-- Opening Marker --
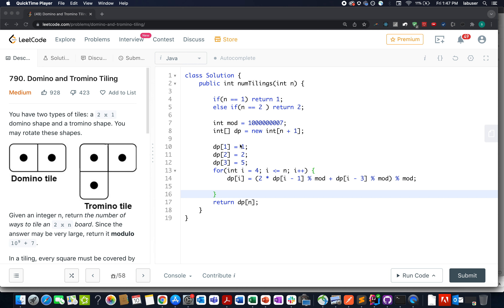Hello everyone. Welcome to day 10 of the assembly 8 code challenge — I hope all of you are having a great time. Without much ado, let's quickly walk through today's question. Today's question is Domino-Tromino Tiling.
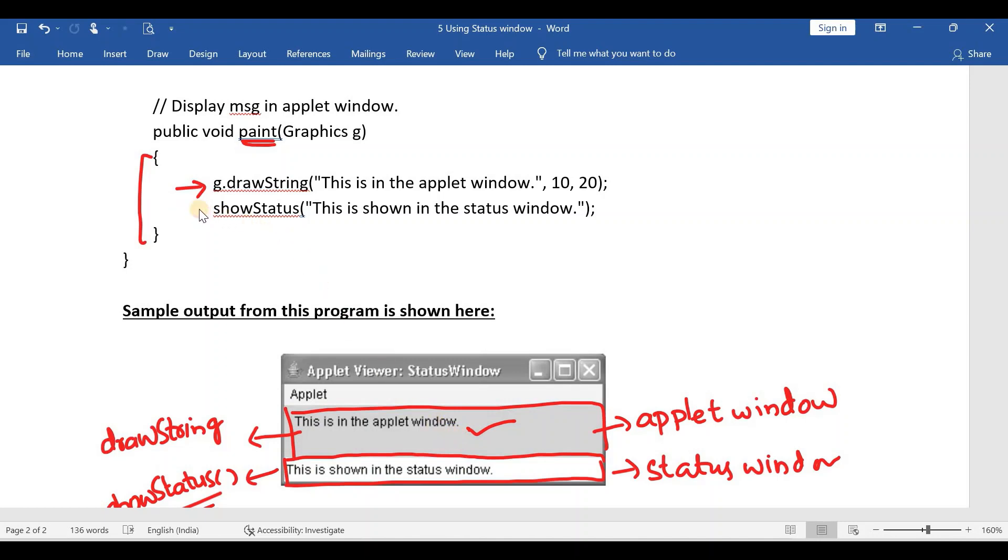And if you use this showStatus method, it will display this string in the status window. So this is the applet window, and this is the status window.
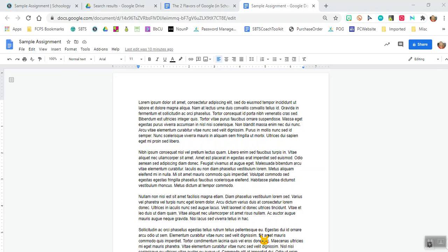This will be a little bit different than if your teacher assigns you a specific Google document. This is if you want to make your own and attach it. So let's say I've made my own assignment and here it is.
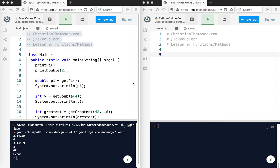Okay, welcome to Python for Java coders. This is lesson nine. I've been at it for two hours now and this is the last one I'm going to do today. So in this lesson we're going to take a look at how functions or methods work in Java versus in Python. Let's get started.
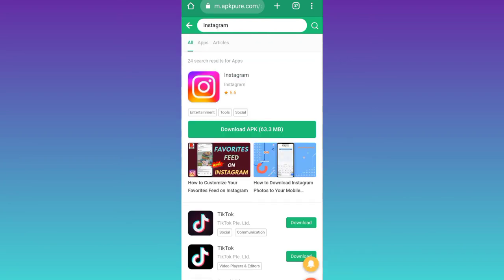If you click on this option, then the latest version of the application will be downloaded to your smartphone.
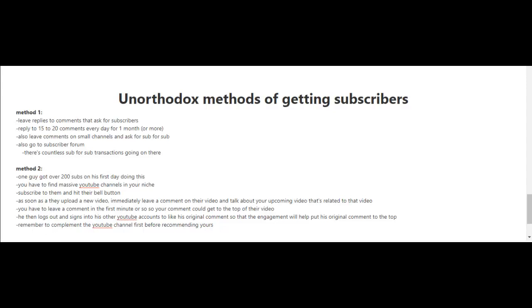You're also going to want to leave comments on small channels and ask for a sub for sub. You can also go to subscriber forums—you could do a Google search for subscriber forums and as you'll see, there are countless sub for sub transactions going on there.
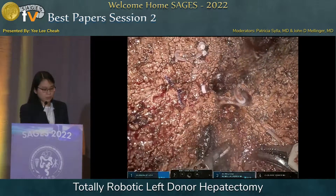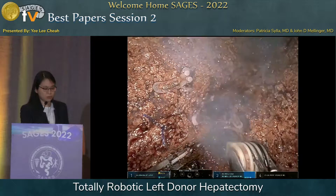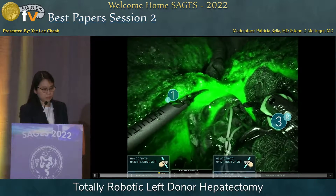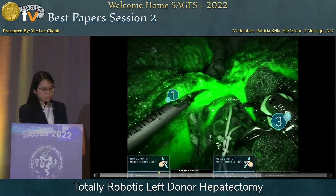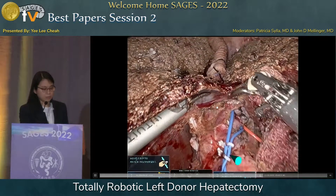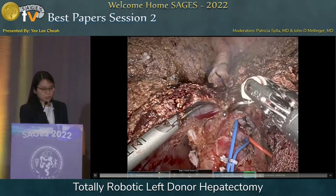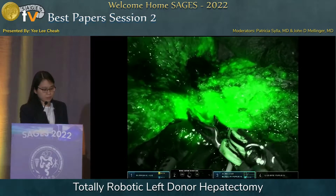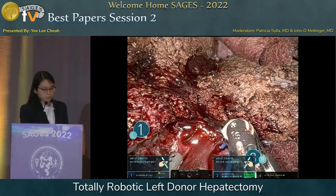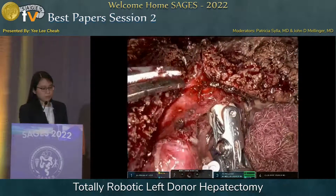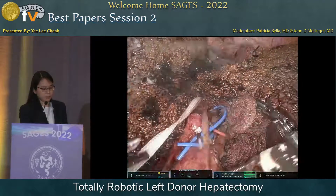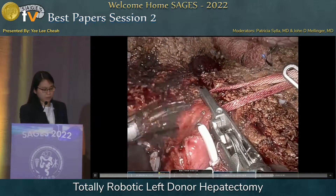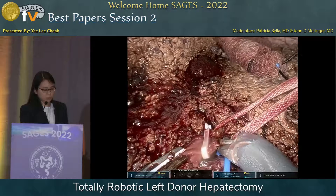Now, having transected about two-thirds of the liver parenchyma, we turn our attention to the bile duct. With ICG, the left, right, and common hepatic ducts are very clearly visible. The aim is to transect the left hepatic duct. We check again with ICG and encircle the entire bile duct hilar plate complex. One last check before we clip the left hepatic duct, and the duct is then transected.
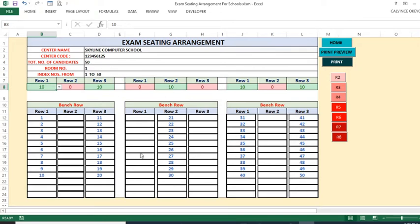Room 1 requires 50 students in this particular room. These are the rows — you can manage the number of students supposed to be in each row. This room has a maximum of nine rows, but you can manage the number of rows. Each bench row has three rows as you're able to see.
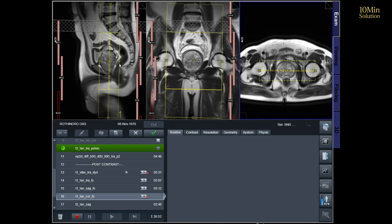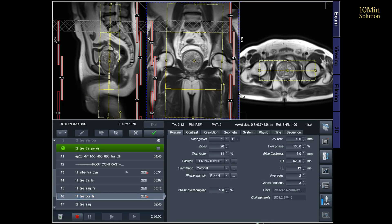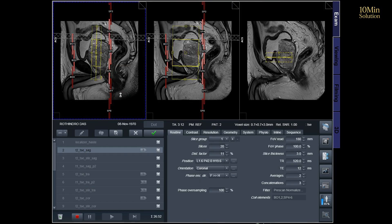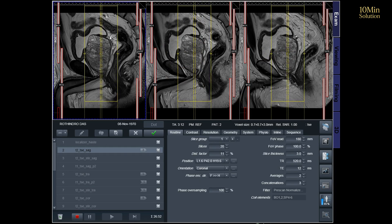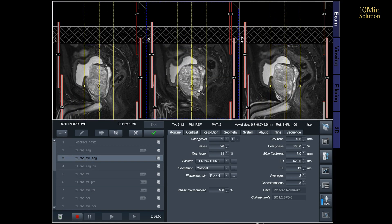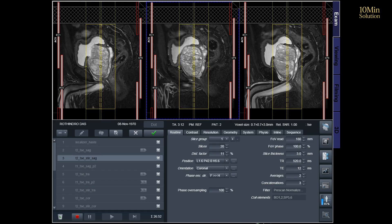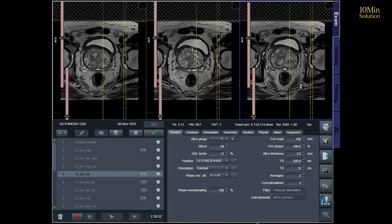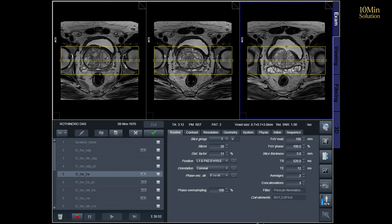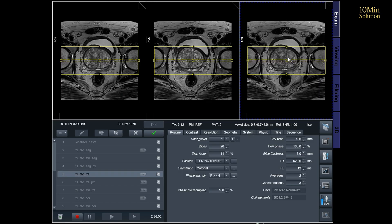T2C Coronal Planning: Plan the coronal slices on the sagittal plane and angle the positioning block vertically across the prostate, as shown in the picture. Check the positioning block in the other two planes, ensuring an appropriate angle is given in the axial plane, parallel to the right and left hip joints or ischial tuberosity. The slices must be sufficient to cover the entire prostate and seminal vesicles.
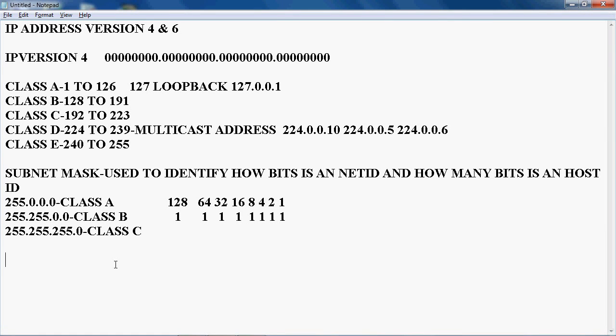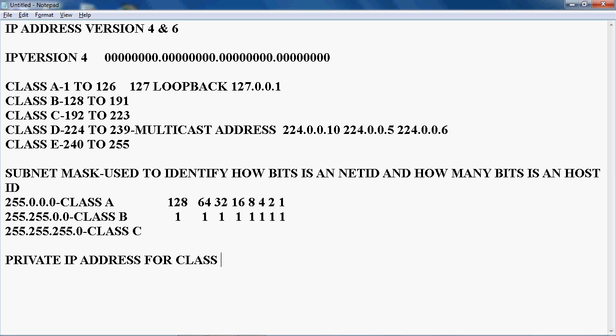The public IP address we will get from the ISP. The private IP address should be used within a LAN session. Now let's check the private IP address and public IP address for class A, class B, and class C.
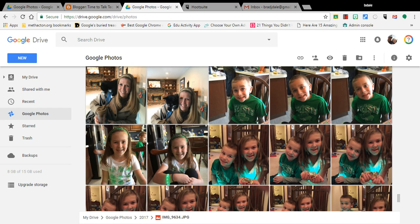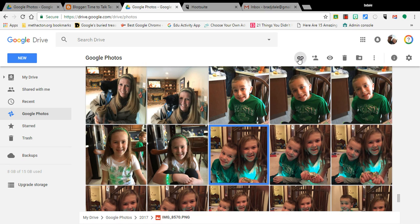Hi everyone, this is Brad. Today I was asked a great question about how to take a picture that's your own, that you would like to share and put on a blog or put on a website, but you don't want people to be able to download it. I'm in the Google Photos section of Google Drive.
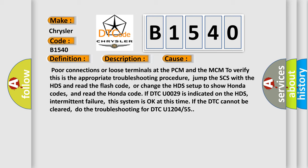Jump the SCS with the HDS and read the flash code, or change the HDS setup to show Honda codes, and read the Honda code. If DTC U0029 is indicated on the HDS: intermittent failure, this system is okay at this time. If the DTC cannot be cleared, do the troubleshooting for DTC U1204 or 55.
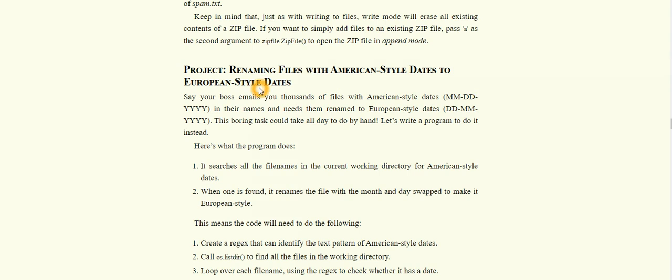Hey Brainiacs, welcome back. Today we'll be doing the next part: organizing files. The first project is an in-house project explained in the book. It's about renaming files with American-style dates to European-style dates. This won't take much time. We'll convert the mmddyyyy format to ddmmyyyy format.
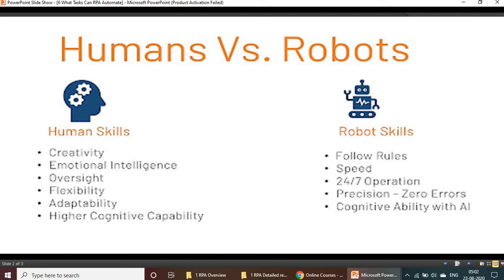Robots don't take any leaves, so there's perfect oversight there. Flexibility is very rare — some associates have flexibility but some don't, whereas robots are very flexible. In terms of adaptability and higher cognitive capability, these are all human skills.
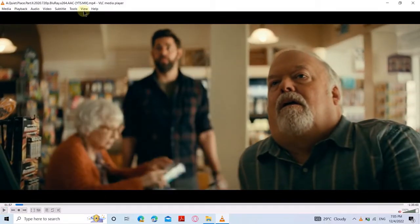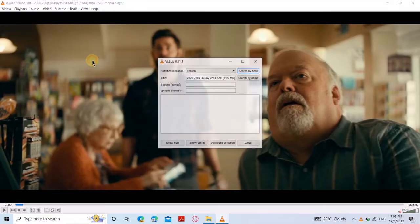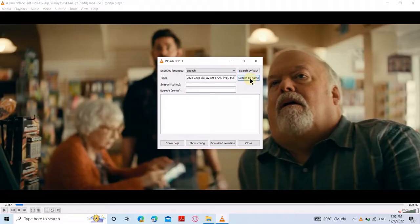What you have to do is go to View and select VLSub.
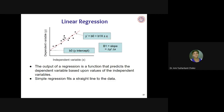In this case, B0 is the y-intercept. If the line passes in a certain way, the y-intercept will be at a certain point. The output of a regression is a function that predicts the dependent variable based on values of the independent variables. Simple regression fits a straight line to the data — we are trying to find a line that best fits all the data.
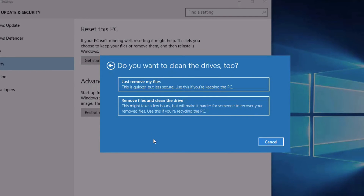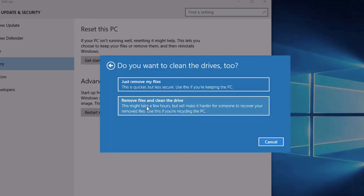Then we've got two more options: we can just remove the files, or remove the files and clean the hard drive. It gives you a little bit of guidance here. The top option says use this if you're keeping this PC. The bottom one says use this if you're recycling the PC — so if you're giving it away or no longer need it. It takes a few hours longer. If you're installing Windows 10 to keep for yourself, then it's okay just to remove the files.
-- Closing Marker --
Work item.
Using the records above, print exactly the lines between the ones containing "Now, having transected" and "Hey Brainiacs, welcome", inclusive, and nothing else; no pictures.

Output of the task.
Now, having transected about two-thirds of the liver parenchyma, we turn our attention to the bile duct. With ICG, the left, right, and common hepatic ducts are very clearly visible. The aim is to transect the left hepatic duct. We check again with ICG and encircle the entire bile duct hilar plate complex. One last check before we clip the left hepatic duct, and the duct is then transected.
Room 1 requires 50 students in this particular room. These are the rows — you can manage the number of students supposed to be in each row. This room has a maximum of nine rows, but you can manage the number of rows. Each bench row has three rows as you're able to see.
T2C Coronal Planning: Plan the coronal slices on the sagittal plane and angle the positioning block vertically across the prostate, as shown in the picture. Check the positioning block in the other two planes, ensuring an appropriate angle is given in the axial plane, parallel to the right and left hip joints or ischial tuberosity. The slices must be sufficient to cover the entire prostate and seminal vesicles.
The public IP address we will get from the ISP. The private IP address should be used within a LAN session. Now let's check the private IP address and public IP address for class A, class B, and class C.
Hi everyone, this is Brad. Today I was asked a great question about how to take a picture that's your own, that you would like to share and put on a blog or put on a website, but you don't want people to be able to download it. I'm in the Google Photos section of Google Drive.
Jump the SCS with the HDS and read the flash code, or change the HDS setup to show Honda codes, and read the Honda code. If DTC U0029 is indicated on the HDS: intermittent failure, this system is okay at this time. If the DTC cannot be cleared, do the troubleshooting for DTC U1204 or 55.
Hey Brainiacs, welcome back. Today we'll be doing the next part: organizing files. The first project is an in-house project explained in the book. It's about renaming files with American-style dates to European-style dates. This won't take much time. We'll convert the mmddyyyy format to ddmmyyyy format.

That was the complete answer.